Freedom from discrimination and cultural rights

The right to equality is fundamental. As a free-standing right it is declared in article 26 of the ICCPR, and as a condition of the enjoyment of all other rights it is enshrined in article 2 of the ICCPR and ICESCR. Equality is both procedural—equality before the law—and substantive—equality under the law. Liberty Victoria supports the right to equality and freedom from discrimination, without the limitation in the Charter to only those attributes mentioned on the Equal Opportunity Act 1995 (EOA). Australia’s obligations under international law are to ensure the right to equality on any attribute, and the EOA and Charter should say likewise. The only limitation on the right to equality should be the inherent limitations known to international law and set out in s.7 of the Charter, namely “such reasonable limits as can be demonstrably justified in a free and democratic society based on human dignity, equality and freedom.” Liberty Victoria supports a view of equality which aims for substantive, rather than merely formal, equality, as this is what is necessary for human dignity. As the Charter rightly acknowledges at s.8(4): “Measures taken for the purpose of assisting or advancing persons or groups of persons disadvantaged because of discrimination do not constitute discrimination.” Cultural rights, as set out in s.19 of the Charter, are another necessary aspect of human dignity.
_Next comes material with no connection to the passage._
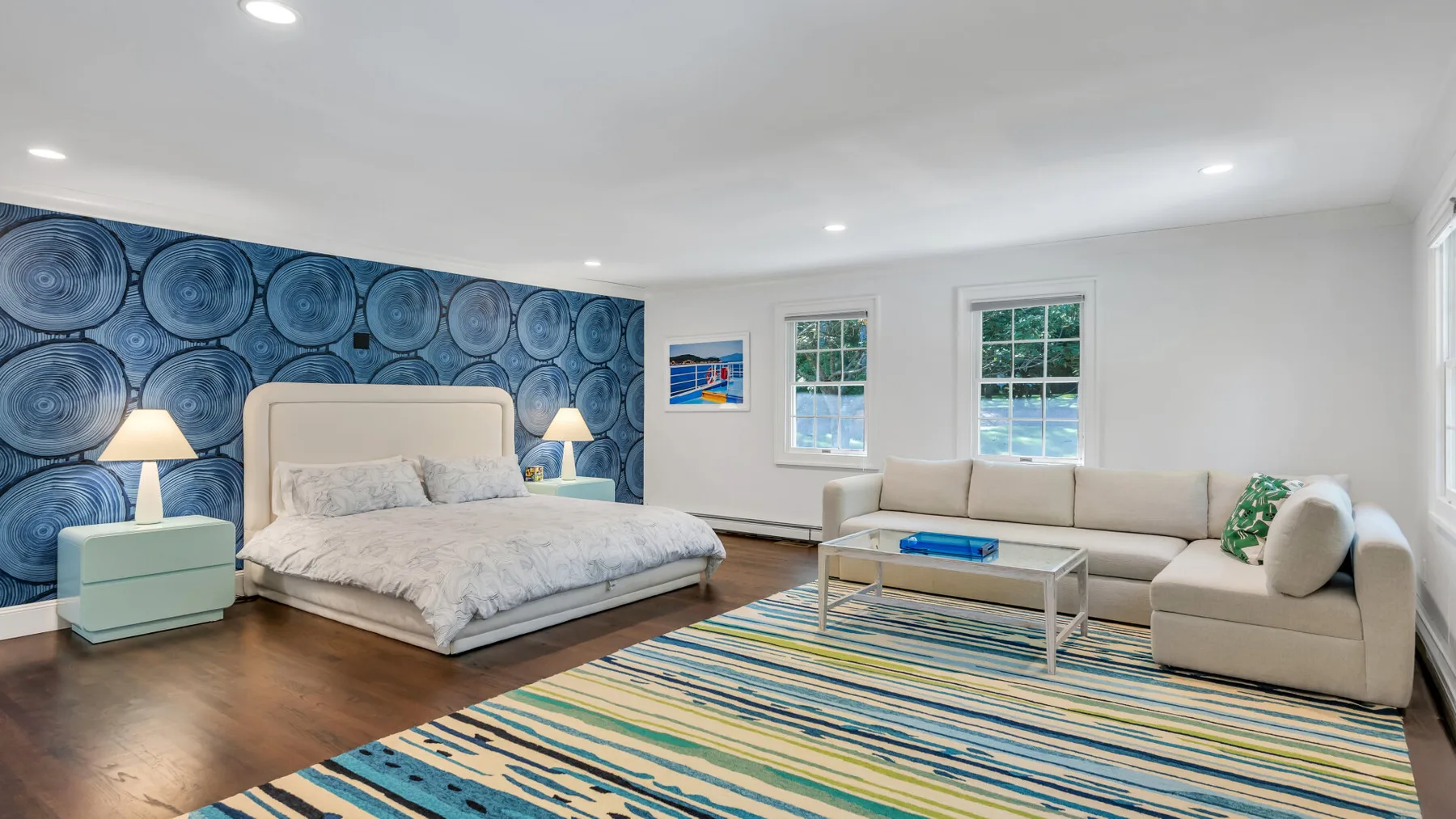 A bedroom with a bed, seating area, and blue patterned accent wall.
Liberty Victoria supports their full realisation, as part of the balancing of individual and community in a multicultural society. Everyone benefits by acknowledging and celebrating the richness of the cultures of others, while having the reciprocal acknowledgement of their own. People can best participate in and contribute to the life of the community when they can also participate freely in the life of their communities of origin and of choice, safe in the knowledge that they too are respected.